In summary, the Pledge to America is a slick political document appealing to motherhood, apple pie, hot dogs, and flagwaving conservatism. It offers policy solutions to a structural problem.
What is that structural problem? Just this. The Founding Fathers designed the federal government to consist of three branches that would be competing centers of power -- each jealous of its own prerogatives under the Constitution.

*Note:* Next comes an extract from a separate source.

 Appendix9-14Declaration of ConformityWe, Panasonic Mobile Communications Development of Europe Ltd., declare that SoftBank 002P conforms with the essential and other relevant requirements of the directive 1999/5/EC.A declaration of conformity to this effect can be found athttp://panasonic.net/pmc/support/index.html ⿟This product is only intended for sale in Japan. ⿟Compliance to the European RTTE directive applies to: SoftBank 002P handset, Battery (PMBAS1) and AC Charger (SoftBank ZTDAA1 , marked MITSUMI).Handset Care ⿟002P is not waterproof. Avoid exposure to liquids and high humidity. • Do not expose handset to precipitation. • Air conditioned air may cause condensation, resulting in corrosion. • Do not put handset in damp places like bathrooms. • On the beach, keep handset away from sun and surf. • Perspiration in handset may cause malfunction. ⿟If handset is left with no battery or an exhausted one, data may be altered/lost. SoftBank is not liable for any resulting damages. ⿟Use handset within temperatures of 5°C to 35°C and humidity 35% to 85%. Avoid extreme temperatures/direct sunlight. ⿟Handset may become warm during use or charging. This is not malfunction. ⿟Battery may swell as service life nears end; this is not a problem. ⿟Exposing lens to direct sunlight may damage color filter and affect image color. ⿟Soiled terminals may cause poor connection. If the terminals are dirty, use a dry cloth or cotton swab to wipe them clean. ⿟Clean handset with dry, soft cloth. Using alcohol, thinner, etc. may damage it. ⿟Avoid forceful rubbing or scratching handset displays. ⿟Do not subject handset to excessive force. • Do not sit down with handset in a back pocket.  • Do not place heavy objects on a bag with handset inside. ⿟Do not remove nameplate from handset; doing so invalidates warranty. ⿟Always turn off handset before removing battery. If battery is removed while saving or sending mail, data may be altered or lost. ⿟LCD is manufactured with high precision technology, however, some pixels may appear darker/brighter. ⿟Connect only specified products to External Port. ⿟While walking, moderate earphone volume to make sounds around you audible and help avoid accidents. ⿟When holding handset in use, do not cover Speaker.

They never imagined that the feds would evolve into a state of collusion, where a dictatorial President enlists a rubber-stamp Congress to approve vague legislation that a compliant Supreme Court upholds. Even that collusion could have been prevented if the Seventeenth Amendment (direct election of Senators) had not been adopted, stripping the states of their direct voice in the federal government.
The Republicans preach reform at a time when we need a revolution. Given Washington's love of power, I seriously doubt that the needed structural changes will ever occur on the federal level. This is why I preach secession -- returning power to governments on a more human scale.
So, voter beware. Remember, the lesser of the two evils is still evil. At minimum, support the third-party and dissident Republican candidates who understand the truth and are willing to proclaim it. Better yet, support candidates for the state legislature that will aggressively press for nullification of unconstitutional federal laws -- and if that fails, independence.
* I am not in favor either of abortion or homosexual "marriages", but neither should be regulated by law -- and certainly not at the federal level!